TASK ITEM =>
Could you copy exactly the lines below from the one with "S87MAI Georgia License Plate" to the one with "Holiday Bookish Bookmarks", inclusive, leaving out any pictures?

MATERIAL SHOWN =>
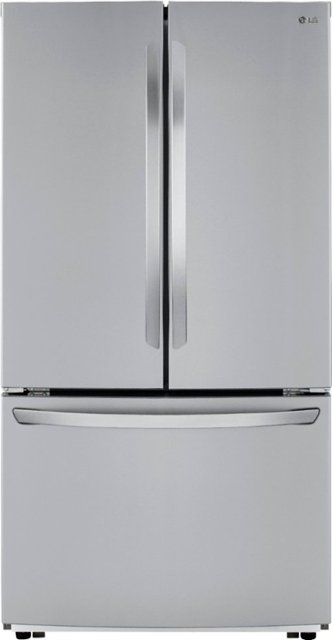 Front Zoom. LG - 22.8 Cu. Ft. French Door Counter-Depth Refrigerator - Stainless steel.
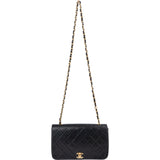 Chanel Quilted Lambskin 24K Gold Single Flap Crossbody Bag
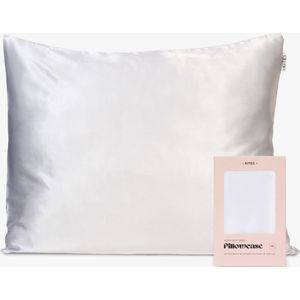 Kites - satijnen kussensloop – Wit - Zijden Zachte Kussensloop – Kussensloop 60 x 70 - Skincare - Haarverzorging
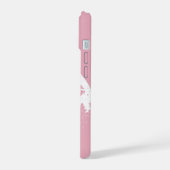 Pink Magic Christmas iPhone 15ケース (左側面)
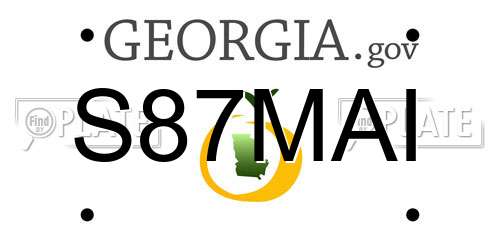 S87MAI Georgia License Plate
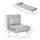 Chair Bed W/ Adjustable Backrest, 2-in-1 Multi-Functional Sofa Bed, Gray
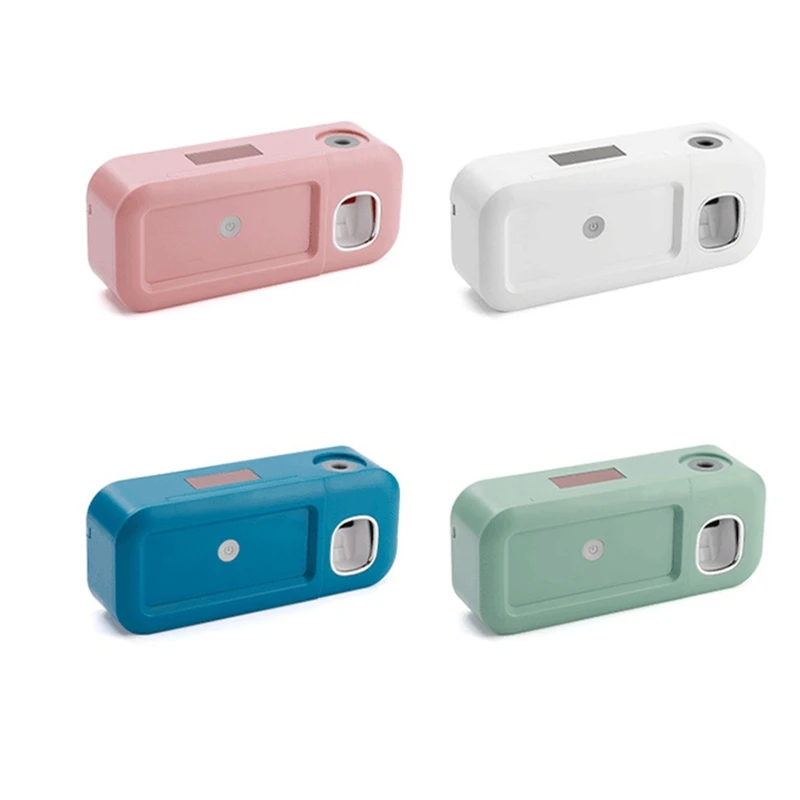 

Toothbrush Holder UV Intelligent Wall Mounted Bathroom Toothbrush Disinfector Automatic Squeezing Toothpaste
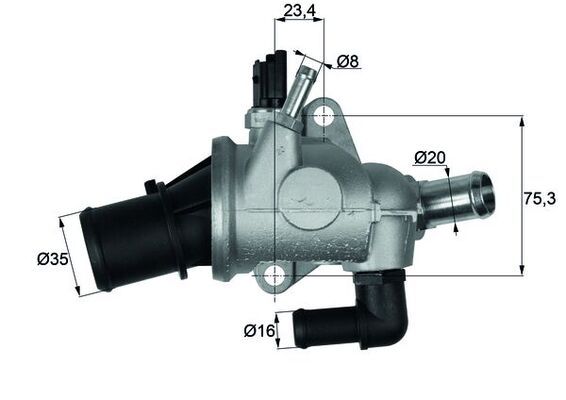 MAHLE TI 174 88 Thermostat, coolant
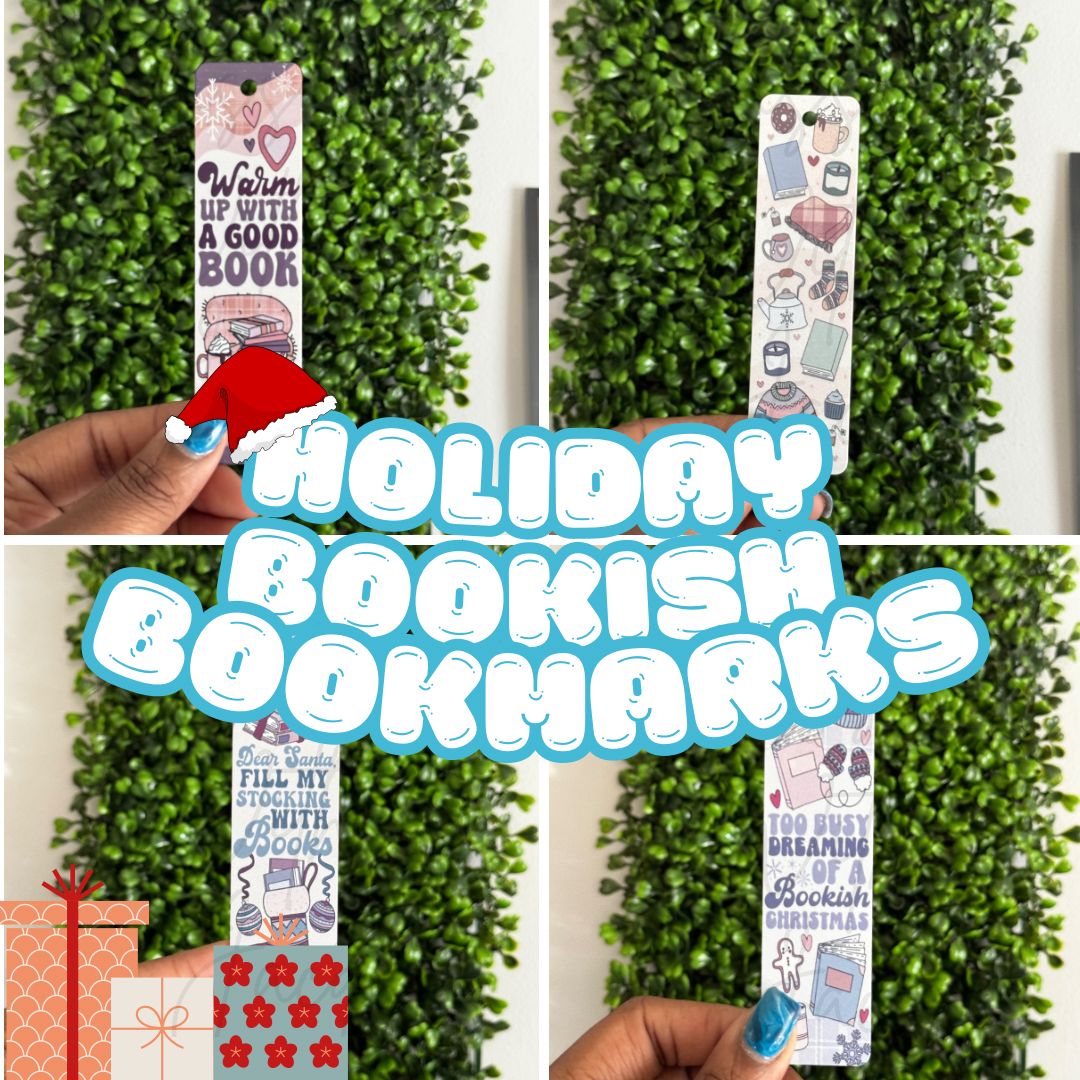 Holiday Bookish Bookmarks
---
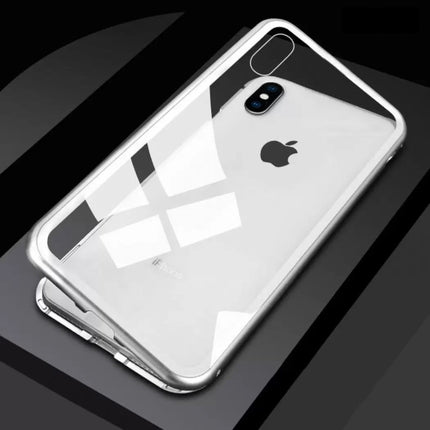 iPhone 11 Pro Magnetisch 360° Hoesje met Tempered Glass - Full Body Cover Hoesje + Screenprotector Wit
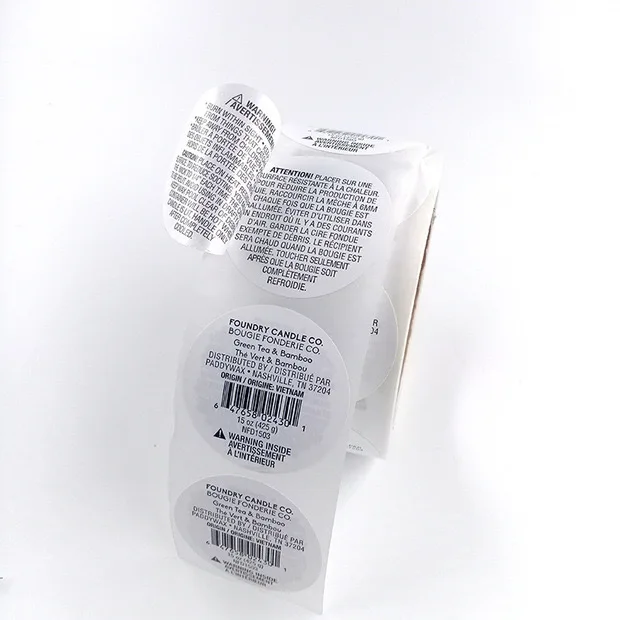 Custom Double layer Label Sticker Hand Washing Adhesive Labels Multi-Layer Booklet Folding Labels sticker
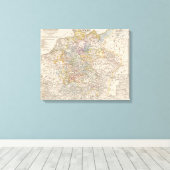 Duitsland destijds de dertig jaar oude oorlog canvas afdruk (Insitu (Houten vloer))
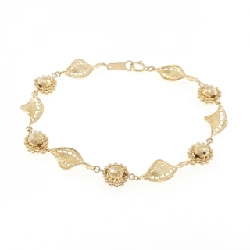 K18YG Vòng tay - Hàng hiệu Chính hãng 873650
---
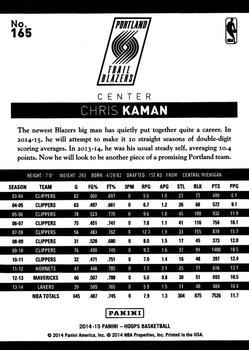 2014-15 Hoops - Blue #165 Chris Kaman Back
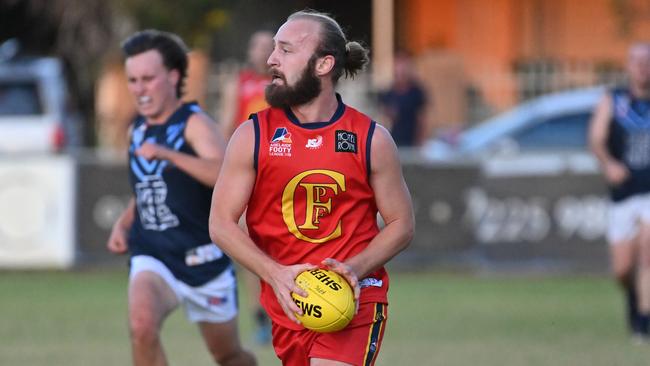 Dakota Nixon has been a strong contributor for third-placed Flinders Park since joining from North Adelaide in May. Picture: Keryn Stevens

YOUR RESPONSE =>
 S87MAI Georgia License Plate
 Chair Bed W/ Adjustable Backrest, 2-in-1 Multi-Functional Sofa Bed, Gray

Toothbrush Holder UV Intelligent Wall Mounted Bathroom Toothbrush Disinfector Automatic Squeezing Toothpaste
 MAHLE TI 174 88 Thermostat, coolant
 Holiday Bookish Bookmarks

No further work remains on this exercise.